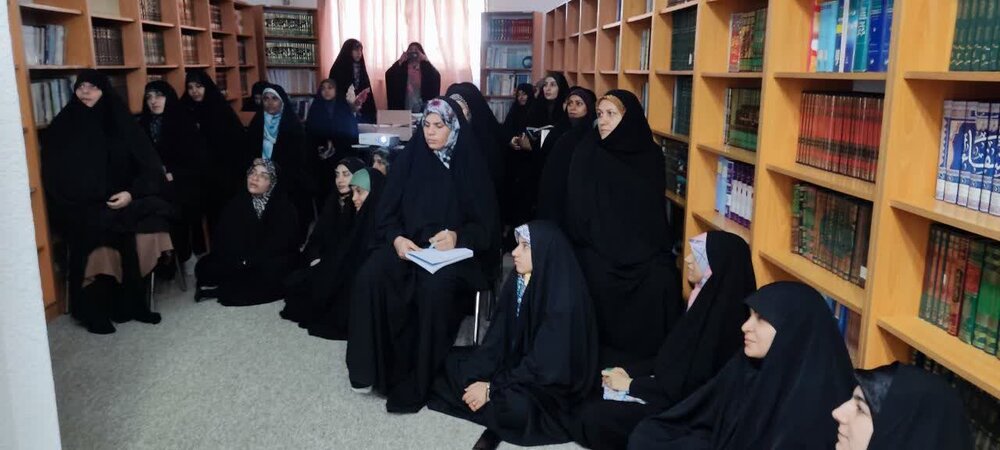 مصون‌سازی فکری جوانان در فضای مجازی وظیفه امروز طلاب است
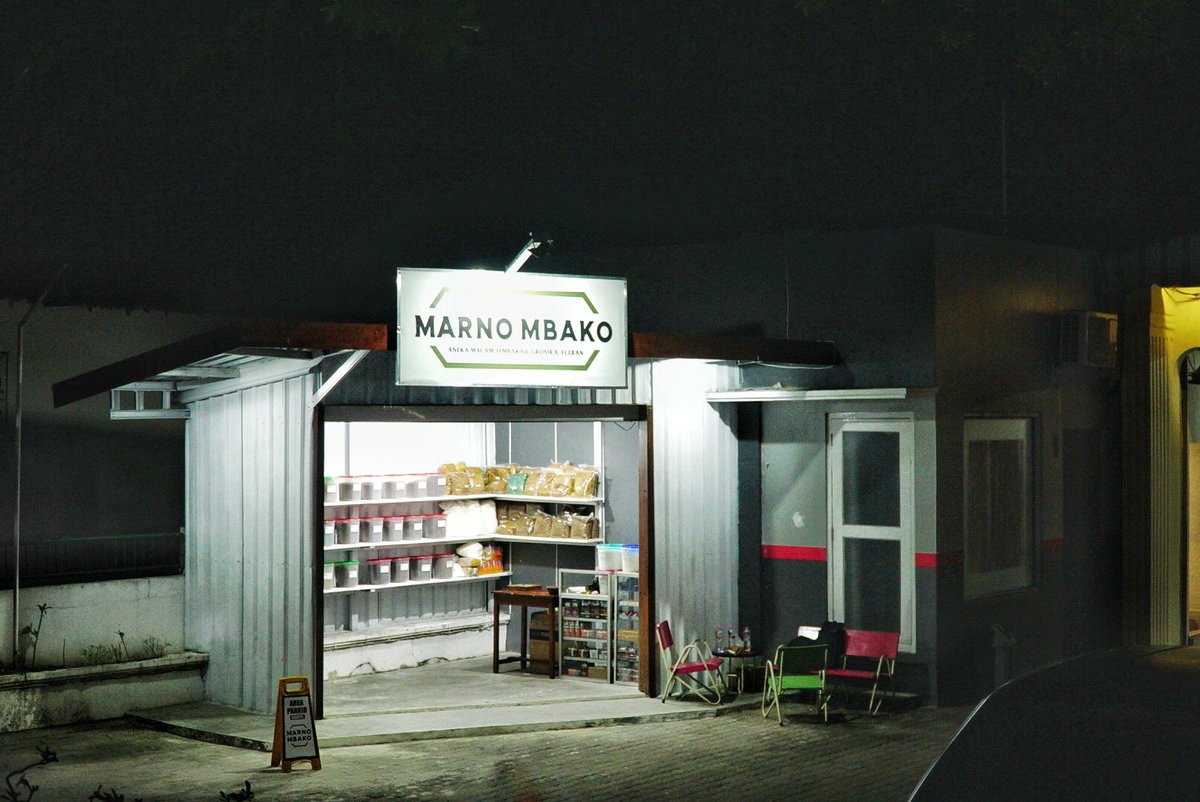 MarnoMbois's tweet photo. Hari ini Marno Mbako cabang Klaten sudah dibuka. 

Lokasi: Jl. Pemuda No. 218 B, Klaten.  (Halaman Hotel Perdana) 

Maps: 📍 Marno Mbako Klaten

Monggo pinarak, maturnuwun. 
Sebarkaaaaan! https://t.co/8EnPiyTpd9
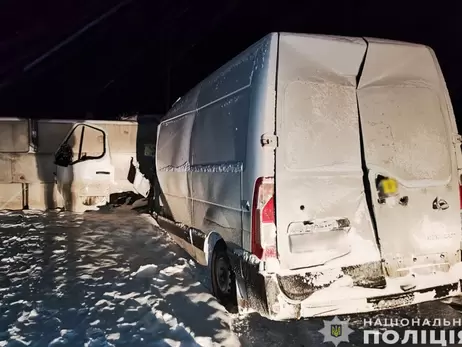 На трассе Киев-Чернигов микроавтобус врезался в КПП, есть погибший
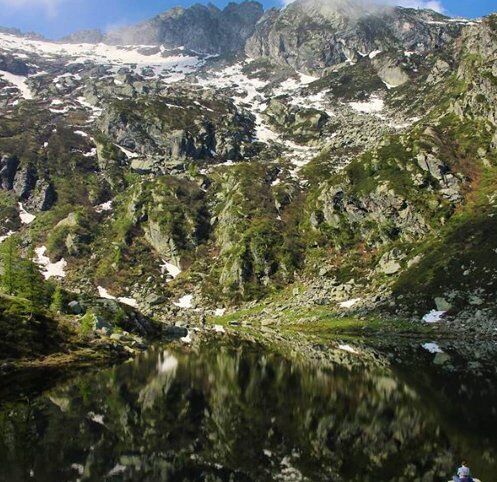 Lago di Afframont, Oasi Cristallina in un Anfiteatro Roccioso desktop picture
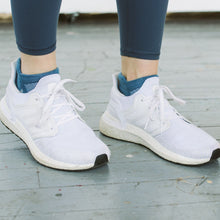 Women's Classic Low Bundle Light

- _To do_
The answer must consist only of the lines from the beginning of the entries above through the line that holds "Sebarkaaaaan! https://t.co/8EnPiyTpd9", reproduced exactly and without pictures.

- _Task output_
 مصون‌سازی فکری جوانان در فضای مجازی وظیفه امروز طلاب است
 MarnoMbois's tweet photo. Hari ini Marno Mbako cabang Klaten sudah dibuka. 

Lokasi: Jl. Pemuda No. 218 B, Klaten.  (Halaman Hotel Perdana) 

Maps: 📍 Marno Mbako Klaten

Monggo pinarak, maturnuwun. 
Sebarkaaaaan! https://t.co/8EnPiyTpd9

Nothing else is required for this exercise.